Look for "para" in the listing below. Gather each line that contains it.

▼▼▼

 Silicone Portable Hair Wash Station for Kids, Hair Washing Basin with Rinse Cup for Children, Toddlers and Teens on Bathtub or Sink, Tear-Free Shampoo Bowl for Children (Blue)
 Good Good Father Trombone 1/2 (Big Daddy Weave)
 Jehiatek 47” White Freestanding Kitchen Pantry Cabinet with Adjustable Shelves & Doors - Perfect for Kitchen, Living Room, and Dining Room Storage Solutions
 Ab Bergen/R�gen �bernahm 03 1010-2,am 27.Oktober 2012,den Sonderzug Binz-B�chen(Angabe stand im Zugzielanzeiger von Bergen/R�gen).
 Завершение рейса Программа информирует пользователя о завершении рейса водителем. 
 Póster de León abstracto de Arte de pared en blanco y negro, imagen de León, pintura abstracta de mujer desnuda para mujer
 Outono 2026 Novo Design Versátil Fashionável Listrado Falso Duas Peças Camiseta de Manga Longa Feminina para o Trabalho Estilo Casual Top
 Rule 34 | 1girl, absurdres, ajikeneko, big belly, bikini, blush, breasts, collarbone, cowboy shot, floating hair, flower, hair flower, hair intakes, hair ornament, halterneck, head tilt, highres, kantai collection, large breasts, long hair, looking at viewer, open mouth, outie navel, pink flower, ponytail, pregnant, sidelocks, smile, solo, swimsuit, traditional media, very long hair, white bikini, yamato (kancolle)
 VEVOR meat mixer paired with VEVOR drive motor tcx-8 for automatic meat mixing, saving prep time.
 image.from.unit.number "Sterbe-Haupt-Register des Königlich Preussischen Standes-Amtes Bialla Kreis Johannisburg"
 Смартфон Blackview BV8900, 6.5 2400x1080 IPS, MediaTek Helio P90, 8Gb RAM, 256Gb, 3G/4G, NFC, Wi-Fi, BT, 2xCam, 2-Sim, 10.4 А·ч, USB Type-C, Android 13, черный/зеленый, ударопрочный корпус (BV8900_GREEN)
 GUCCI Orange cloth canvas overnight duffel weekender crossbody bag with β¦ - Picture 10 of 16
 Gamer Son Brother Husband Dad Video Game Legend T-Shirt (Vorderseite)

▲▲▲

Result for this exercise:
 Póster de León abstracto de Arte de pared en blanco y negro, imagen de León, pintura abstracta de mujer desnuda para mujer
 Outono 2026 Novo Design Versátil Fashionável Listrado Falso Duas Peças Camiseta de Manga Longa Feminina para o Trabalho Estilo Casual Top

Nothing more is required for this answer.